Prompt |
Take the listing below and output it exactly, with no images.

Material shown |
+ + + + +

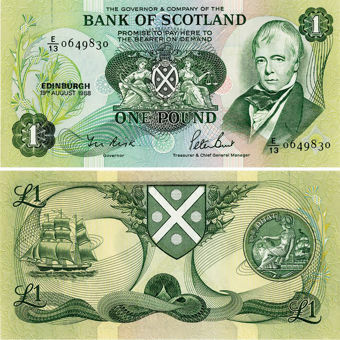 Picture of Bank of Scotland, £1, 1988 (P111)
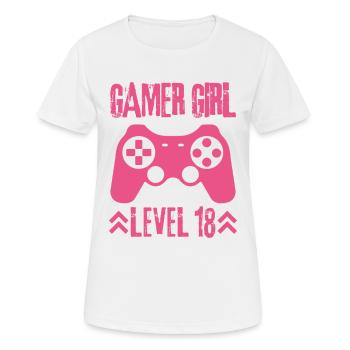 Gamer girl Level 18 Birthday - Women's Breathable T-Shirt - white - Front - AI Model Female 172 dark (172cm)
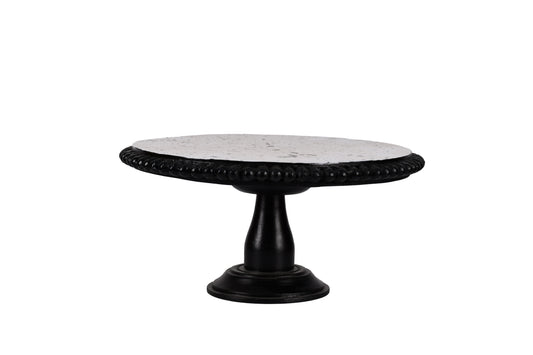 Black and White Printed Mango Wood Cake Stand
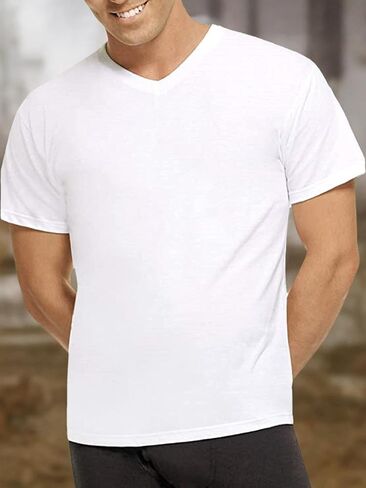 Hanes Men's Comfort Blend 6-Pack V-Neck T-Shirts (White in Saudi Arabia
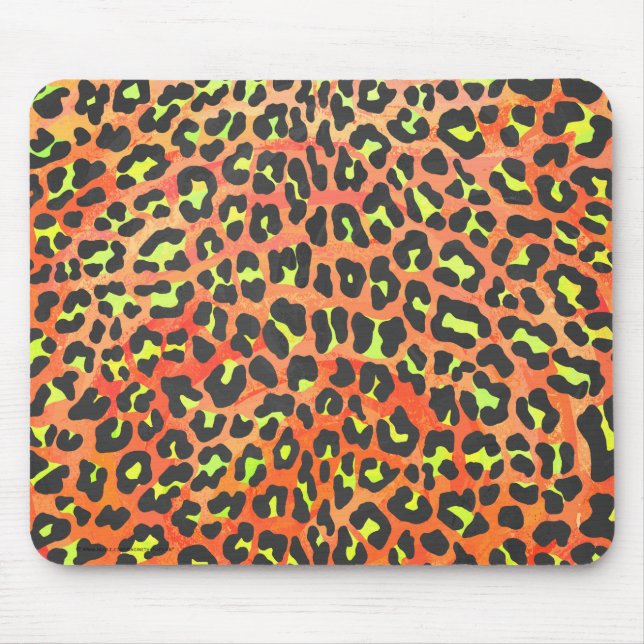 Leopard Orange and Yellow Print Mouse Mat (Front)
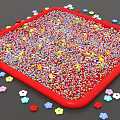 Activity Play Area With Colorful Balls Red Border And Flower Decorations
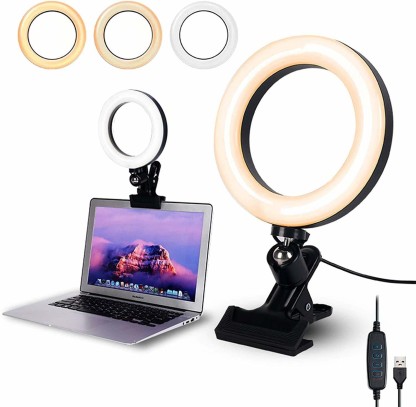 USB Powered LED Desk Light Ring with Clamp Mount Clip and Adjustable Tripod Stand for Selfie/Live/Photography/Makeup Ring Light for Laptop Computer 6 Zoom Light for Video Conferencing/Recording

+ + + + +

Result of this task |
 Picture of Bank of Scotland, £1, 1988 (P111)
 Gamer girl Level 18 Birthday - Women's Breathable T-Shirt - white - Front - AI Model Female 172 dark (172cm)
 Black and White Printed Mango Wood Cake Stand
 Hanes Men's Comfort Blend 6-Pack V-Neck T-Shirts (White in Saudi Arabia
 Leopard Orange and Yellow Print Mouse Mat (Front)
 Activity Play Area With Colorful Balls Red Border And Flower Decorations
 USB Powered LED Desk Light Ring with Clamp Mount Clip and Adjustable Tripod Stand for Selfie/Live/Photography/Makeup Ring Light for Laptop Computer 6 Zoom Light for Video Conferencing/Recording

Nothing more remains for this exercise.